Protease-Activated Receptor-2 Peptides Activate Neurokinin-1 Receptors in the Mouse Isolated Trachea

Department of Pharmacology, University of Melbourne, Parkville, Australia (H.T.A., R.W.B., T.M.C.); Institute for Molecular Bioscience, University of Queensland, Brisbane, Australia (D.P.F.); and Sackler Institute of Pulmonary Pharmacology, King's College, London, United Kingdom (J.D.M.)

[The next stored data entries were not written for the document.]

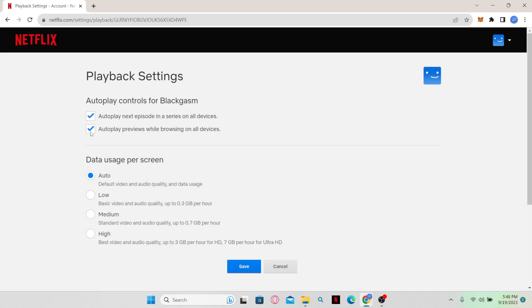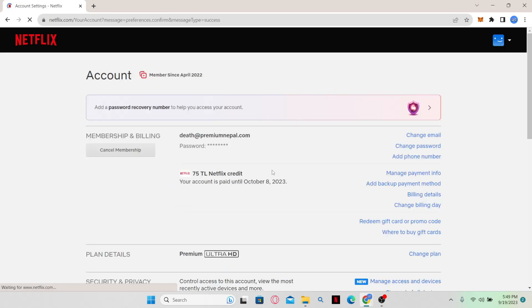Now if the second option is not turned on, then you will not see the preview of the show when you are browsing through. So make sure this option is checked on and then click on the save button. And now you will start seeing previews of the shows when you browse around.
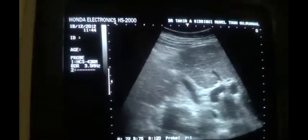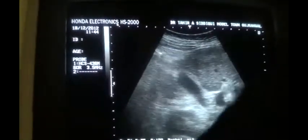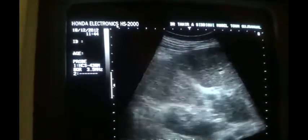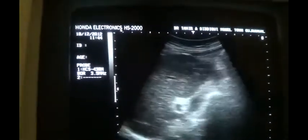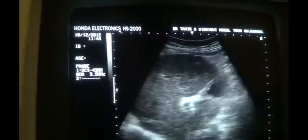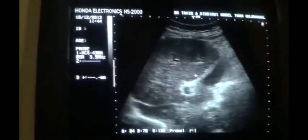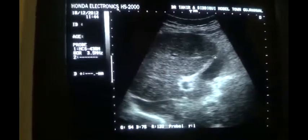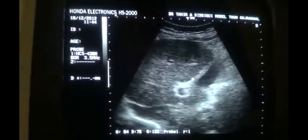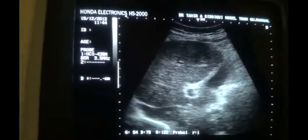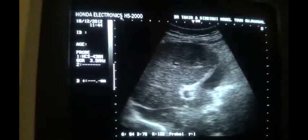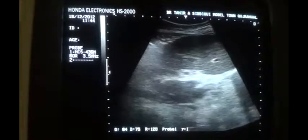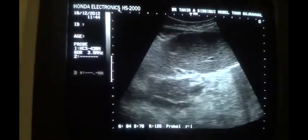Now see the wall of the gallbladder. The gallbladder in itself is normal. The wall appearing thick and more bright is the cause of adjacent liver parenchymal changes.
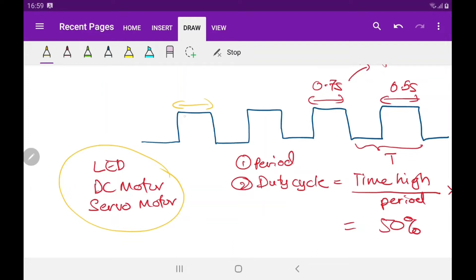We use the width of the PWM signal to control these electronic devices. If we increase the width of the PWM signal we increase the brightness of the LED or the speed of the DC motor, and if we reduce the width we reduce the brightness or the speed.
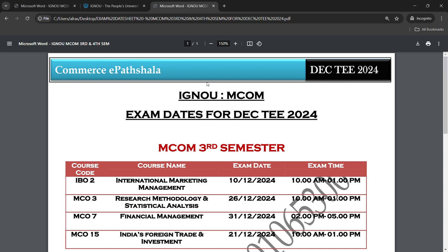Hey guys, just like I told you, I will make a video with the 3rd semester and 4th semester exam dates. Yes, our video is ready. You can see all the dates of the 3rd semester and 4th semester. All the students who are waiting for this video, watch this video.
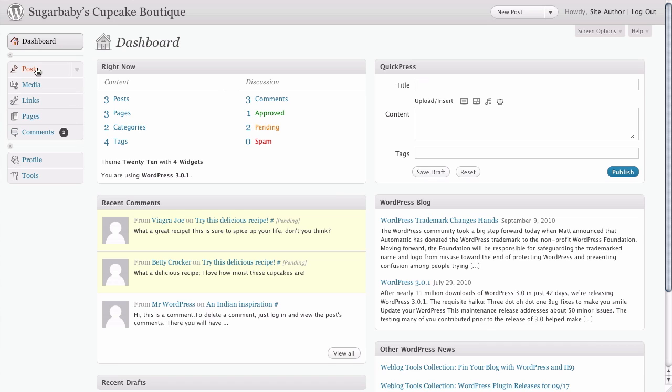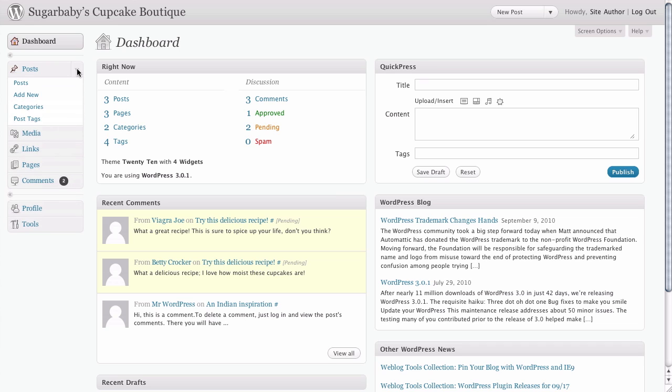You can see that by hovering over each item in main navigation, we get a little arrow here on the right-hand side. Clicking that expands the menu to show the submenu options that are available for that particular task.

Protective roles for protease-activated receptor-2 (PAR₂) in the airways including activation of epithelial chloride (Cl^–) secretion are based on the use of presumably PAR₂-selective peptide agonists. To determine whether PAR₂ peptide-activated Cl^– secretion from mouse tracheal epithelium is dependent on PAR₂, changes in ion conductance across the epithelium [short-circuit current (I_SC)] to PAR₂ peptides were measured in Ussing chambers under voltage clamp. In addition, epithelium- and endothelium-dependent relaxations to these peptides were measured in two established PAR₂ bioassays, isolated ring segments of mouse trachea and rat thoracic aorta, respectively. Apical application of the PAR₂ peptide SLIGRL caused increases in I_SC, which were inhibited by three structurally different neurokinin receptor-1 (NK₁R) antagonists and inhibitors of Cl^– channels but not by capsaicin, the calcitonin gene-related peptide (CGRP) receptor antagonist CGRP_8–37, or the nonselective cyclooxygenase inhibitor indomethacin. Only high concentrations of trypsin caused an increase in I_SC but did not affect the responses to SLIGRL. Relaxations to SLIGRL in the trachea and aorta were unaffected by the NK₁R antagonist nolpitantium (SR 140333) but were abolished by trypsin desensitization. The rank order of potency for a range of peptides in the trachea I_SC assay was 2-furoyl-LIGRL > SLCGRL > SLIGRL = SLIGRT > LSIGRL compared with 2-furoyl-LIGRL > SLIGRL > SLIGRT > SLCGRL (LSIGRL inactive) in the aorta relaxation assay. In the mouse trachea, PAR₂ peptides activate both epithelial NK₁R coupled to Cl^– secretion and PAR₂ coupled to prostaglandin E₂-mediated smooth muscle relaxation. Such a potential lack of specificity of these commonly used peptides needs to be considered when roles for PAR₂ in airway function in health and disease are determined.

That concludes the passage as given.